Otis Redding’s “(Sittin’ On) The Dock of the Bay” was a favorite of Larry’s and mine. Listen to it here. Larry and I were both fans and, when Otis died tragically at age 26, we mourned his early death. We weren’t the only ones, as the song’s popularity skyrocketed it to the top of the Billboard charts.
I’m certainly not the only one in my family with a gift for storytelling. Larry identified with Redding’s “Dock of the Bay” and I remember him telling me about it. One of his favorite stories was about the times he went crabbing off the Mobile Bay pier in Alabama, where his mother’s extended family lived. His Alabama tales were rich and filled with experiences I could only imagine, having grown up in the sandy fields of West Texas. Larry promised, as soon as he graduated, he’d take me crabbing on Mobile Bay.
After our marriage on May 27, 1966, Larry and I spent many hours in our one bedroom apartment, listening to 45 rpm records on our inexpensive hi-fi. We owned one car the first year we were married and always traveled with the radio booming, especially on the highway to Brownfield to visit my grandmother Nennie.

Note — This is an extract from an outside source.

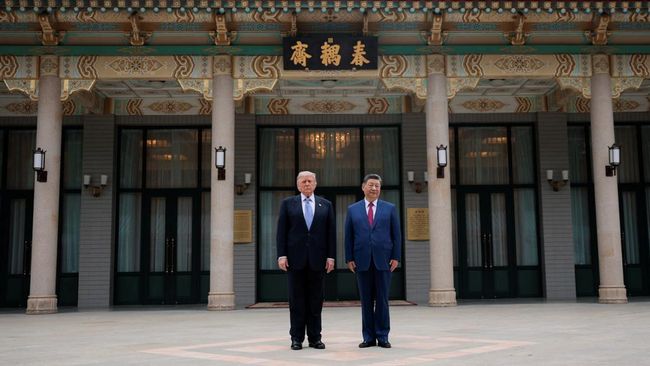 Presiden China Xi Jinping memperlihatkan suasana kompleks bersejarah Zhongnanhai kepada Presiden Amerika Serikat Donald Trump usai pembicaraan mengenai perdagangan, Taiwan, dan Iran, Jumat (15/5/2026). (REUTERS/Evan Vucci/Pool)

We both worked and attended Texas Tech in Lubbock, Texas. During the day, I divided my time between shifts in the Methodist Hospital’s records department and college classes. Larry worked a full eight-hour shift from 8:00 pm–4:00 am at the Bell Telephone Company and attended the university whenever the classes he lacked for graduation were offered. In August 1968, he graduated with a bachelor’s degree in business.
Since Larry and I had so little time together, we splurged on 45 rpm singles and left our favorite songs listed on a sheet of paper stuck to the kitchen cabinet. Music trivia and debates regarding the best artists and our favorite songs were ongoing during the weekends, when we had time to spend together. Sunday night dinner at Pops’ included playing our favorites on the jukebox and trying to goad Pops into taking sides.